溪はそれが私からの電話だと思い、期待に満ちて受話器を取った。

「霧江!」

電話の向こうで相手は少し戸惑ったようだった。

「もしもし、鈴井さんのご友人、もしくはお付き合いされている方でしょうか?」

溪は茫然としながらも頷き、声がかすれた。

「……はい」

「実は、私は鈴井さんの心理カウンセラーでして、彼女は半月前に予約されていたセッションを過ぎてもいらっしゃらないんです。何かご事情があったのでしょうか?」

溪は口を開こうとしたが、喉に詰まったように言葉が出なかった。

何度か試してようやく、かすれた声で話し始めた。

「……すみません、俺も彼女がどこにいるか……わからないんです」

溪は電話を切ると、微かに震える指先で携帯画面に映る私の写真に触れ、絶望と苦しみに満ちた声で私の名前を呼んだ。

「霧江……」

「もしあの時、君の言葉を信じていたら……君は、死なずに済んだのか?」

だが、この世に「もし」は存在しない。

もう戻らない過去に意味などない。

溪は絶望の淵に沈み、その場に倒れ込んでしまった。

同僚が彼を見つけ、病院に運び込んだ。

溪が目を覚ました時、彼の目にはもうかつての情熱も誇りもなかった。

その冷たい目には赤い血走りが浮かび、悲しみを極めた麻痺したような表情で天井を見つめていた。

同僚はため息をつき、慰めるように言った。

「隊長…ご冥福をお祈りします」

「残念なことです。霧江さんは亡くなる前に、何も手掛かりを残していませんでした。手がかりがあれば、犯人の糸口が見つかったかもしれませんが……」

同僚の黒田は霧のかかったメガネを静かに拭いた。

彼はかつて私と一番親しく、悲しみを隠すことができなかった。

溪はこの二言を聞いた瞬間、急に目に感情が宿り、黒田の服を掴んで歯を食いしばりながら言った。

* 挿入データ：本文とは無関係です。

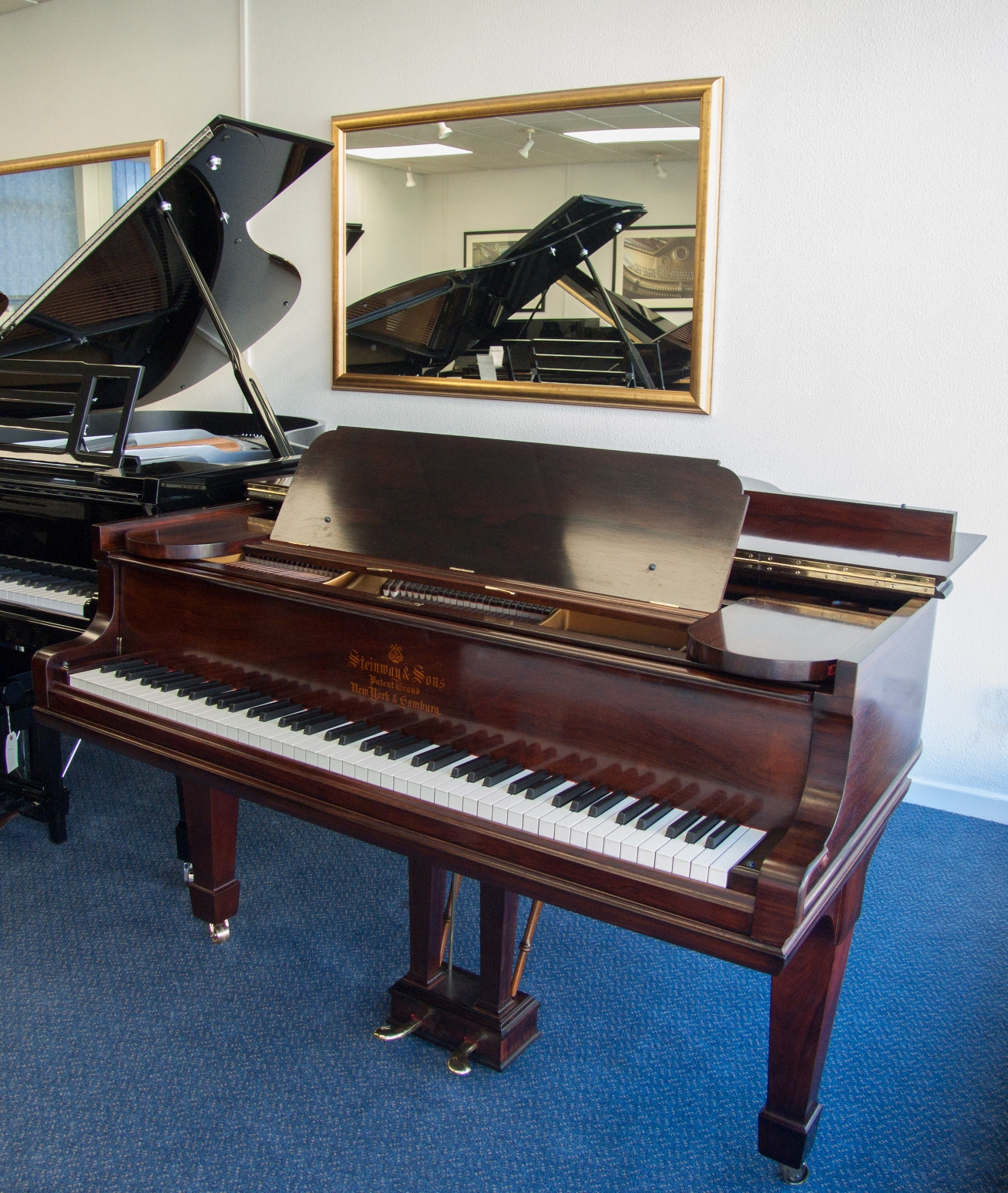 Steinway O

「いや……いなくなった前に、残したものは一つだけあるんだ……」

溪は黒田を連れて警視庁に戻った。

以前はあれほど潔癖だった彼が、私の絵のために、ゴミ箱をあさり始めた。

清掃のおばさんがゴミ袋を交換したと聞くと、道端で待ち続け、悪臭を放つゴミをひとつずつ拾い集めた。そして、全てが揃うと、自分のオフィスに篭り、一日一夜、飲まず食わずでその断片を組み合わせ、ついに一枚の完成した絵を作り上げた。